__WHAT THE EXERCISE ASKS__. Nothing but the lines from the first line of the records below to the line holding "Foxes with Milk" belongs in the answer, copied exactly and without pictures.

[Stored records]
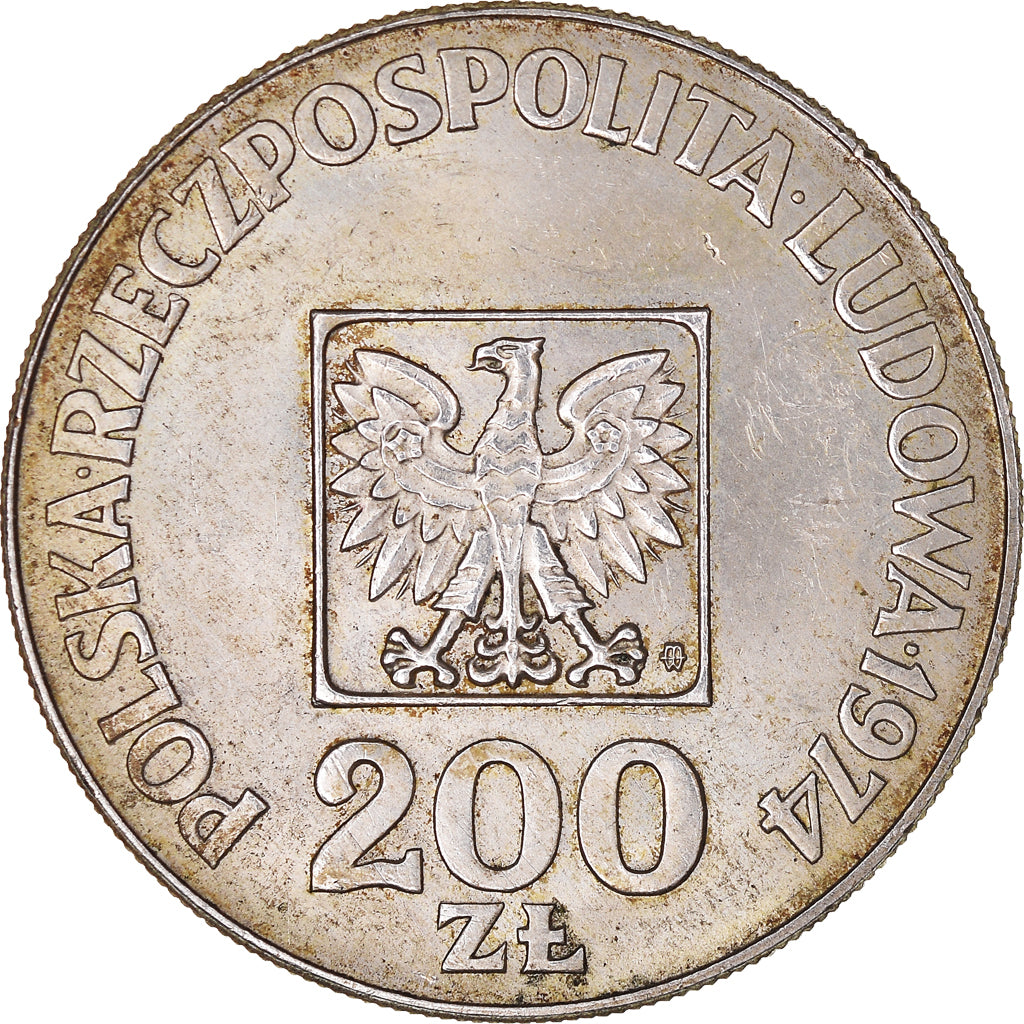 Münze, Polen, 200 Zlotych, 1974, Warsaw, SS+, Silber, KM:72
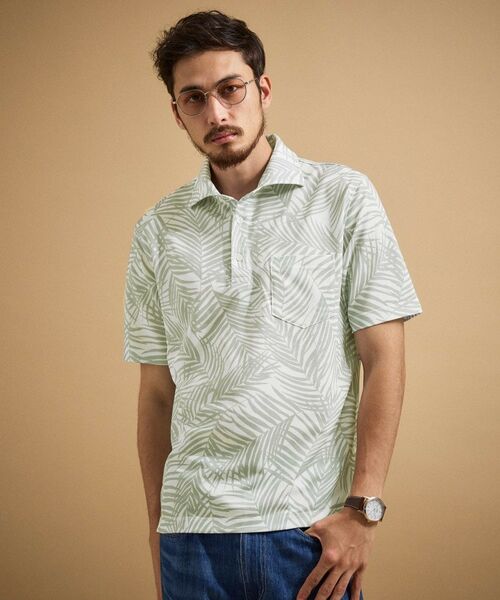 TAKEO KIKUCHI / タケオキクチ ポロシャツ | リーフ柄ポロシャツ（ホワイト(101)）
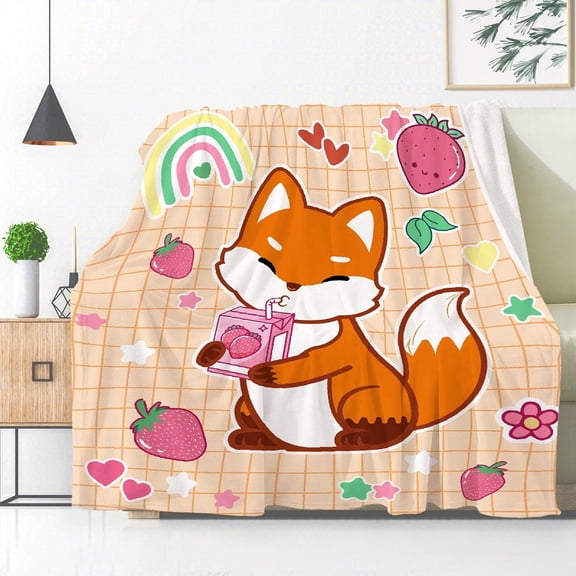 Foxes with Milk Blanket, Strawberry Milk Blanket for Women men Gifts, Ultral Soft Cozy Warm Cute Animal Flannel Fleece Suit for Sofa, Couch, Bed, Travel, Sofa 50"x40" S Blanket for Users/Child
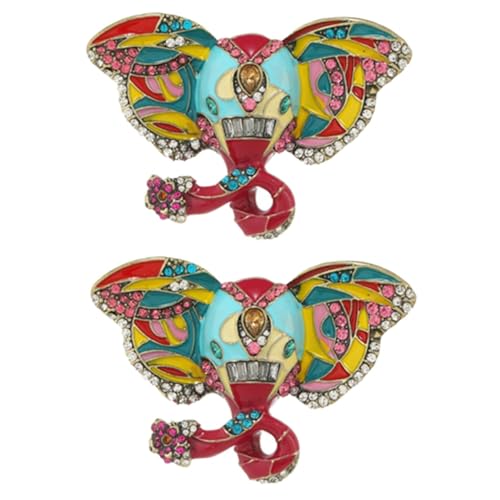 2 Stück Emaille Brosche mit Retro Anstecknadel für Frauen Perfektes für Elefantenliebhaber für Weihnachten Valentinstag Vielseitig Einsetzbar Dekoration für Kleidung Taschen von FRCOLOR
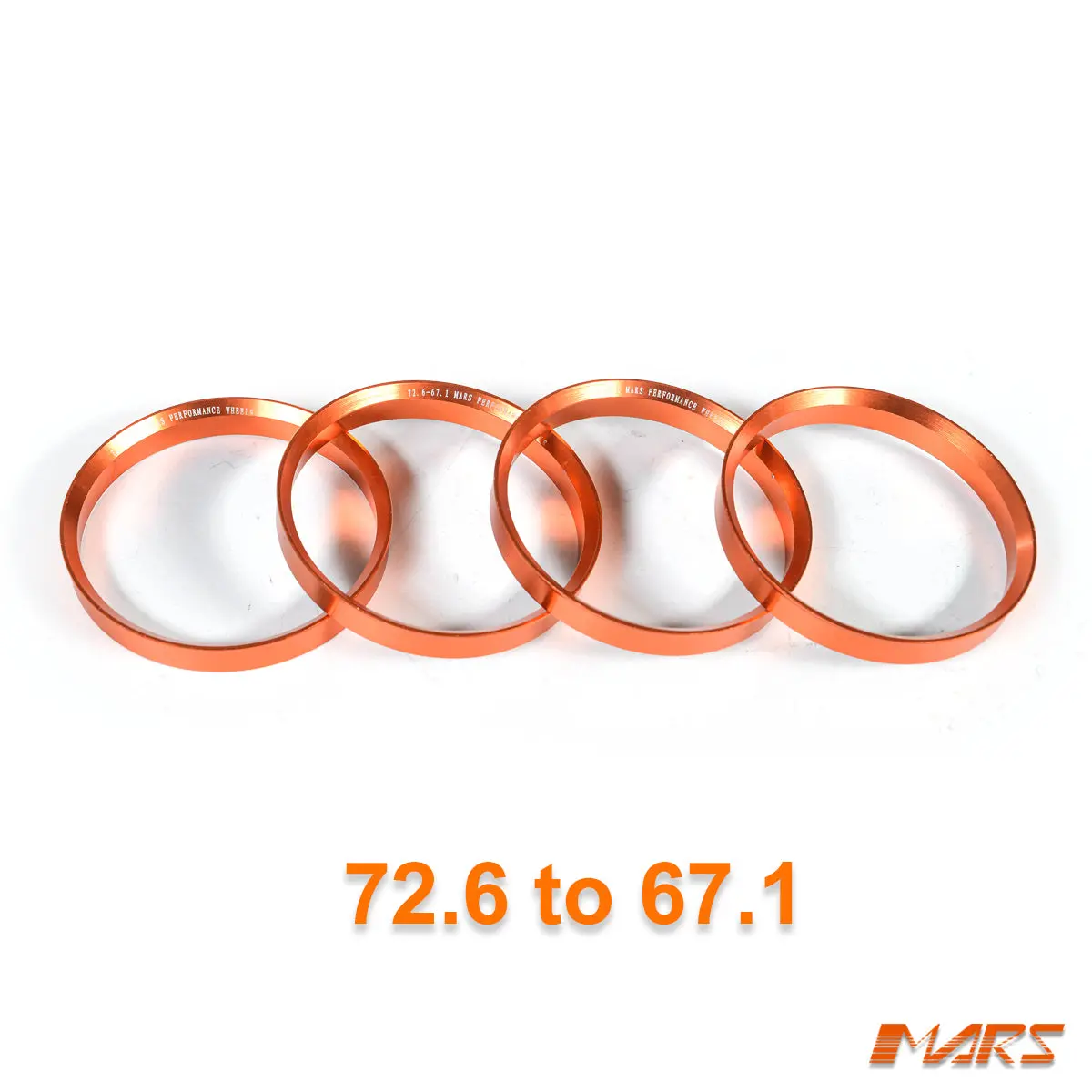 4X Mars Performance Wheels Hub Centric Rings Aluminium Alloy Od = 72.5 / 72.6 Mm To Id = 67.1 Mm 1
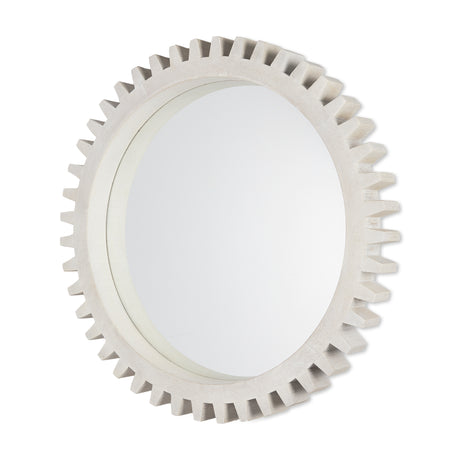 Sundance Cog 35.5" Round Whitewashed Wood Frame Mirror from Mercana - Luna Furniture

__TASK RESULT__.
 Münze, Polen, 200 Zlotych, 1974, Warsaw, SS+, Silber, KM:72
 TAKEO KIKUCHI / タケオキクチ ポロシャツ | リーフ柄ポロシャツ（ホワイト(101)）
 Foxes with Milk Blanket, Strawberry Milk Blanket for Women men Gifts, Ultral Soft Cozy Warm Cute Animal Flannel Fleece Suit for Sofa, Couch, Bed, Travel, Sofa 50"x40" S Blanket for Users/Child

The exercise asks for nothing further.